_DATASET EXCERPTS_
····················

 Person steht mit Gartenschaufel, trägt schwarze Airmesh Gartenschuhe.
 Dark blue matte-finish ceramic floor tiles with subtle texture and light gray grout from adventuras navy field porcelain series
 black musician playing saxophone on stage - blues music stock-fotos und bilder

····················

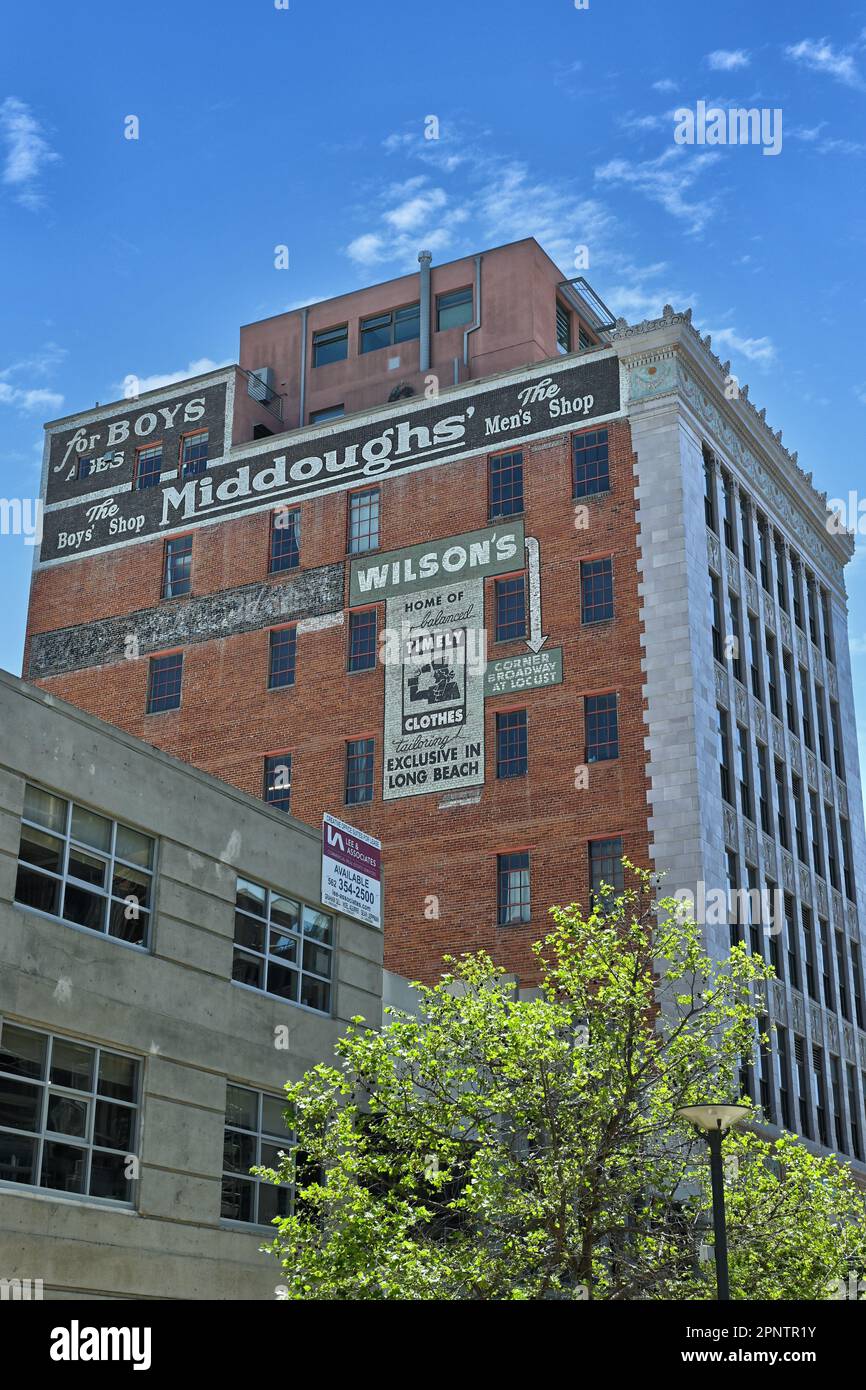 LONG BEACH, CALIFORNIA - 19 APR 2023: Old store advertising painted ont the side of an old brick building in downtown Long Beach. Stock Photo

····················

Leave out every line above except those from the line with "Person steht mit" up to and including the line with "black musician playing", and copy those exactly.

_SOLVED PROBLEM_
 Person steht mit Gartenschaufel, trägt schwarze Airmesh Gartenschuhe.
 Dark blue matte-finish ceramic floor tiles with subtle texture and light gray grout from adventuras navy field porcelain series
 black musician playing saxophone on stage - blues music stock-fotos und bilder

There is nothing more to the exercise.